- [TASK TO CARRY OUT]: From the entries below, return only the lines starting at the one that contains "Memria RAM Fury" and ending at the one that contains "Фото Коврик для", exactly as they stand.

[[ DATA PROVIDED open ]]

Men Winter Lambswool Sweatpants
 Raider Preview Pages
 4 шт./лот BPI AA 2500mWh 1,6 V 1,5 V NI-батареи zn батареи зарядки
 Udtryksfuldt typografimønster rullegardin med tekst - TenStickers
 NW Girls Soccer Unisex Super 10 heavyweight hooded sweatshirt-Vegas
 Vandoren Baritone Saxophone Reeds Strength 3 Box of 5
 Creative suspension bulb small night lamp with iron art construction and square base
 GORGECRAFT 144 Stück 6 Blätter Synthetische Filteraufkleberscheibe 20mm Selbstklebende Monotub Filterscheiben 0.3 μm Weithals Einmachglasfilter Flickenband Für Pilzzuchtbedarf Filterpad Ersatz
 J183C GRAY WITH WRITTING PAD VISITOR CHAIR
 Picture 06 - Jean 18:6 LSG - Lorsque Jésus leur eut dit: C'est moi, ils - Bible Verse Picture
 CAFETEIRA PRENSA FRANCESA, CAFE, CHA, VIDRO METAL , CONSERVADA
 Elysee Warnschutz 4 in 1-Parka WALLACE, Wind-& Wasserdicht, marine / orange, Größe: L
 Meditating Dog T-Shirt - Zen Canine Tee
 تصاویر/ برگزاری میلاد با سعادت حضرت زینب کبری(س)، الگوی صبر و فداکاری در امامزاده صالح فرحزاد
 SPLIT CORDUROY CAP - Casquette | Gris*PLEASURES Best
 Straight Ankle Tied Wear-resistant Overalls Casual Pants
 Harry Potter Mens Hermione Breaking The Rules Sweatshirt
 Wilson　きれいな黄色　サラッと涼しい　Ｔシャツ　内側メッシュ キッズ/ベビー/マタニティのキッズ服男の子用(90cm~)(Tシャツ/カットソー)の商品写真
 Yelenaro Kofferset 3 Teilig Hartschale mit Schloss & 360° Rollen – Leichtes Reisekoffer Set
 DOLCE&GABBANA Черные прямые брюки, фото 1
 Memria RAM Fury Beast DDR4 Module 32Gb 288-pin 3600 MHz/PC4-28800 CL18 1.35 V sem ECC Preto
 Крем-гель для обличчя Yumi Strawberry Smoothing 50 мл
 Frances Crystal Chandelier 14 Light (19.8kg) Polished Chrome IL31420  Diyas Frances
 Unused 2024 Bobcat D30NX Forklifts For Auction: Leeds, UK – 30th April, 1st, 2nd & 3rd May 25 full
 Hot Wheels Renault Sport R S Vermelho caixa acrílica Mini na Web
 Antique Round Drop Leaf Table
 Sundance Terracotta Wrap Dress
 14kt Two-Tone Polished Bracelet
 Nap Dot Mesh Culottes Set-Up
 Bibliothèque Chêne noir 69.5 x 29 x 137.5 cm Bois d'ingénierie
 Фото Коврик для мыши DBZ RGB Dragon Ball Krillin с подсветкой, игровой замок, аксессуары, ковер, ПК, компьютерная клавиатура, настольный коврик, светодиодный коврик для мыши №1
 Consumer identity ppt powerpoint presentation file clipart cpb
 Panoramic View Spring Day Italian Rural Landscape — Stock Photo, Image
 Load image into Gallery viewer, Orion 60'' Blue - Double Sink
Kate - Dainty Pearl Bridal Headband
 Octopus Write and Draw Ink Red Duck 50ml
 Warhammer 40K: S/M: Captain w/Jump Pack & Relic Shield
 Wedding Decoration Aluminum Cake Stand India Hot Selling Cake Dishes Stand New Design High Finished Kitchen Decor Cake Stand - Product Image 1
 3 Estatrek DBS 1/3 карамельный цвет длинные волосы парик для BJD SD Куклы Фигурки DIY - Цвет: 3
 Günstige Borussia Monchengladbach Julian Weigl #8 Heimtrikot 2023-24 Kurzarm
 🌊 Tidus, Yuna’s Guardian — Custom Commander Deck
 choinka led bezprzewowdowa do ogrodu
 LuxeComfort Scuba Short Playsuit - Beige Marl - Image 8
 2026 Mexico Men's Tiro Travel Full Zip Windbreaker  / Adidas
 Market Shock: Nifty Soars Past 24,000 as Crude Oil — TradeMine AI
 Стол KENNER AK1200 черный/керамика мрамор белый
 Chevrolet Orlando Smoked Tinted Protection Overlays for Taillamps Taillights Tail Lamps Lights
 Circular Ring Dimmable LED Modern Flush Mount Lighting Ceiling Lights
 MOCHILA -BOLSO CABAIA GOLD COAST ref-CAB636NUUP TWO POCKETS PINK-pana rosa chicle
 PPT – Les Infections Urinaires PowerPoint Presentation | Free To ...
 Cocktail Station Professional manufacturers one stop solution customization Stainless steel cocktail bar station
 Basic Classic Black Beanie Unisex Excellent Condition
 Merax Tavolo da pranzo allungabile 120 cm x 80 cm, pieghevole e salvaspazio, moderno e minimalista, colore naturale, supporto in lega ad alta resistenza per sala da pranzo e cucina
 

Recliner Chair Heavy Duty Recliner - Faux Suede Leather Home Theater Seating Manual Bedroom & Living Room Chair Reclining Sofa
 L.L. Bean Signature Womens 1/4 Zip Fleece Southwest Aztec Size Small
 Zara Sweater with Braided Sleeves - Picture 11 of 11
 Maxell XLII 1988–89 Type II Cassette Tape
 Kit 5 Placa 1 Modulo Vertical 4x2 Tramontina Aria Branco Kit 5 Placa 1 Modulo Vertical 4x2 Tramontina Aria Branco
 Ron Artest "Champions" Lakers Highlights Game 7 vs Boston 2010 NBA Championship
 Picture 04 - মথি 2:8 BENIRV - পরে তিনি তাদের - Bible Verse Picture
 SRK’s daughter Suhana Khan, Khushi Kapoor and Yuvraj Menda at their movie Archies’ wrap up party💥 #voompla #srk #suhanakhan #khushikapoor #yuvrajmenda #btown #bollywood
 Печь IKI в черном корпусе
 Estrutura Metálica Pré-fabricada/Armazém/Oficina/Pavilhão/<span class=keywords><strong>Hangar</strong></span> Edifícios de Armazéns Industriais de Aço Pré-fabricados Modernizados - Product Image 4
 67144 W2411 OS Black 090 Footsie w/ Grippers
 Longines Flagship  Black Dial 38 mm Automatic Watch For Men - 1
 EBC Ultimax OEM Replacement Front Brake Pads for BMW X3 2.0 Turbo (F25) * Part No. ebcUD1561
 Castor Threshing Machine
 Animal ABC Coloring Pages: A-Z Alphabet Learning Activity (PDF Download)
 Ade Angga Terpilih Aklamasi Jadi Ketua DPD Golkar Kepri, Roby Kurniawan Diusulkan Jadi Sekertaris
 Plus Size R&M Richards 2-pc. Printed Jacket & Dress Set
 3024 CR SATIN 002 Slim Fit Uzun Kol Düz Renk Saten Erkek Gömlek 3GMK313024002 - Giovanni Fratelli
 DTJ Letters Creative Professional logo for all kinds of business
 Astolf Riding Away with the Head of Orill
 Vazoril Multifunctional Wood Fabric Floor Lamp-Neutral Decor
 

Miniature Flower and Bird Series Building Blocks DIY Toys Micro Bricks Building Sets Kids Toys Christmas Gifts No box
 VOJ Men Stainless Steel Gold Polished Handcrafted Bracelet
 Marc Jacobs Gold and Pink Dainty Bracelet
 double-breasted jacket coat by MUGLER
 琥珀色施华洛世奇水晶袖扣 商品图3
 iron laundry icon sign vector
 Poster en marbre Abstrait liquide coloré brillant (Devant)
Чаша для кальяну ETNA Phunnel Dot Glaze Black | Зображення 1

[[ DATA PROVIDED closed ]]

- [RESULT BELOW]:
 Memria RAM Fury Beast DDR4 Module 32Gb 288-pin 3600 MHz/PC4-28800 CL18 1.35 V sem ECC Preto
 Крем-гель для обличчя Yumi Strawberry Smoothing 50 мл
 Frances Crystal Chandelier 14 Light (19.8kg) Polished Chrome IL31420  Diyas Frances
 Unused 2024 Bobcat D30NX Forklifts For Auction: Leeds, UK – 30th April, 1st, 2nd & 3rd May 25 full
 Hot Wheels Renault Sport R S Vermelho caixa acrílica Mini na Web
 Antique Round Drop Leaf Table
 Sundance Terracotta Wrap Dress
 14kt Two-Tone Polished Bracelet
 Nap Dot Mesh Culottes Set-Up
 Bibliothèque Chêne noir 69.5 x 29 x 137.5 cm Bois d'ingénierie
 Фото Коврик для мыши DBZ RGB Dragon Ball Krillin с подсветкой, игровой замок, аксессуары, ковер, ПК, компьютерная клавиатура, настольный коврик, светодиодный коврик для мыши №1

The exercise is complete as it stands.